BACKGROUND: In patients, left atrial appendage contraction velocities measured during sinus rhythm after cardioversion from atrial fibrillation are depressed relative to left atrial appendage emptying velocities measured during atrial fibrillation, suggesting that the left atrial appendage is mechanically "stunned."

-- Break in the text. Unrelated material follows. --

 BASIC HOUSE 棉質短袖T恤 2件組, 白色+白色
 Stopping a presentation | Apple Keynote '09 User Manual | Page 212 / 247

METHODS: This phenomenon was studied in a canine model of acute (60 min) pacing-induced atrial fibrillation followed by spontaneous reversion to sinus rhythm using epicardial and transesophageal pulsed wave Doppler. Unique features of the model include: 1) comparison of left atrial function postconversion to baseline sinus rhythm rather than to measurements during atrial fibrillation, 2) control of the duration of atrial fibrillation and 3) elimination of the extraneous influences of direct current shock and antiarrhythmic agents, which may independently depress left atrial function.
RESULTS: Hemodynamic conditions (heart rate, mean arterial pressure, cardiac output, mean pulmonary artery pressure, mean right atrial pressure and mean left atrial pressure) at baseline, during 60 min of atrial fibrillation and after reversion to sinus rhythm were constant throughout the study period. Peak left atrial contraction velocities (measured from the transmitral flow velocity profile) were significantly (p < 0.02) reduced to 64+/-22% of baseline values upon spontaneous conversion of atrial fibrillation to sinus rhythm and recovered to basal values by 20 min after resumption of sinus rhythm. Peak left atrial appendage contraction velocities were significantly (p < 0.001) reduced to 49+/-24% of baseline values upon spontaneous conversion of atrial fibrillation to sinus rhythm and recovered to basal values by 40 min after reversion to sinus rhythm.
CONCLUSIONS: Even brief (60 min) periods of atrial fibrillation in normal canine hearts result in marked depression of global left atrial systolic function and regional left atrial (left atrial appendage) systolic function upon resumption of sinus rhythm. This "mechanical stunning" of left atrial systolic function appears to be more profound and of longer duration for the left atrial appendage compared with the left atrium as a whole, which may predispose the appendage to blood stasis and thrombus formation. Chronic models of atrial fibrillation need to be developed to examine the impact of longer periods of atrial fibrillation upon the magnitude and duration of postconversion left atrial "stunning."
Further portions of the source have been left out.